▶ [To do] Pictures stay out; print the rest of the listing below exactly as it stands.

▶ [Supplied information]
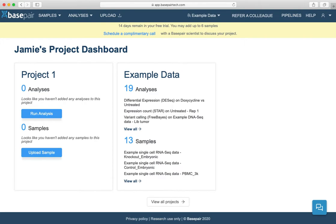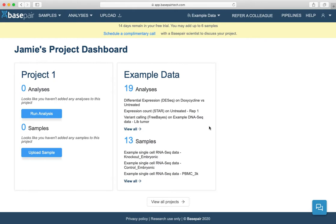When you first log into your dashboard you'll see two projects: Project One, which is automatically created for you and where you can start uploading your samples, and Example Data, which is where all the example data reports are stored. You can always access example data reports by clicking into the analyses, but keep in mind that the example data project is view only, so you can't run your own analyses on this data. You'll want to upload your own samples into Project One instead.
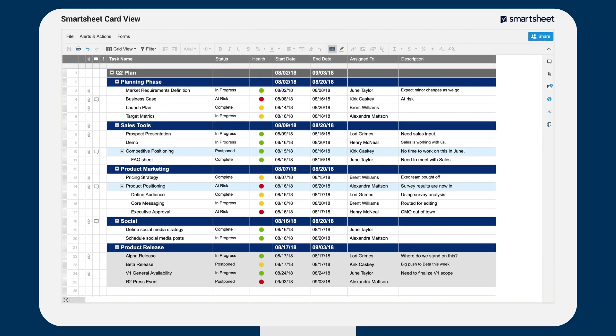Let's take a look at how to use CardView in one of our existing sheets. First, select CardView from the Views dropdown menu on the toolbar.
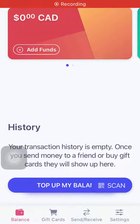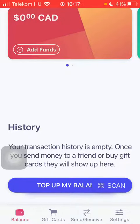Hello guys! In this video I'm going to show you how to set up a PIN code on the Bideli Pay & Earn Cashback application.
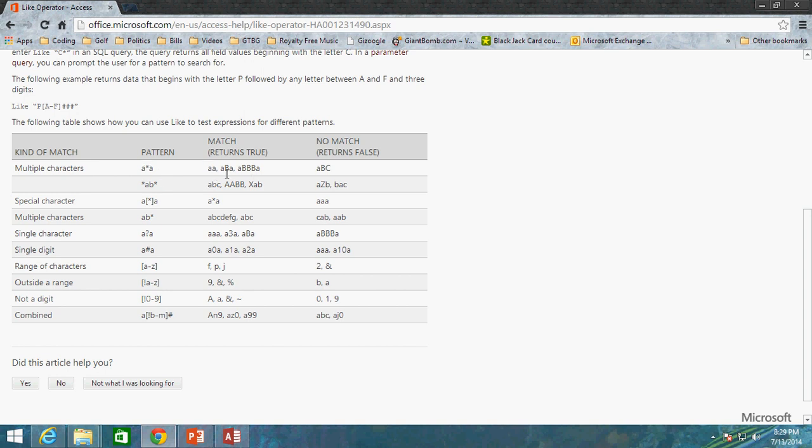And then we have ABA is also going to return true and ABBA is going to return true as well, whereas ABC will not return true because C and A do not match.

▶ [Output for this exercise]
When you first log into your dashboard you'll see two projects: Project One, which is automatically created for you and where you can start uploading your samples, and Example Data, which is where all the example data reports are stored. You can always access example data reports by clicking into the analyses, but keep in mind that the example data project is view only, so you can't run your own analyses on this data. You'll want to upload your own samples into Project One instead.
Let's take a look at how to use CardView in one of our existing sheets. First, select CardView from the Views dropdown menu on the toolbar.
Hello guys! In this video I'm going to show you how to set up a PIN code on the Bideli Pay & Earn Cashback application.
And then we have ABA is also going to return true and ABBA is going to return true as well, whereas ABC will not return true because C and A do not match.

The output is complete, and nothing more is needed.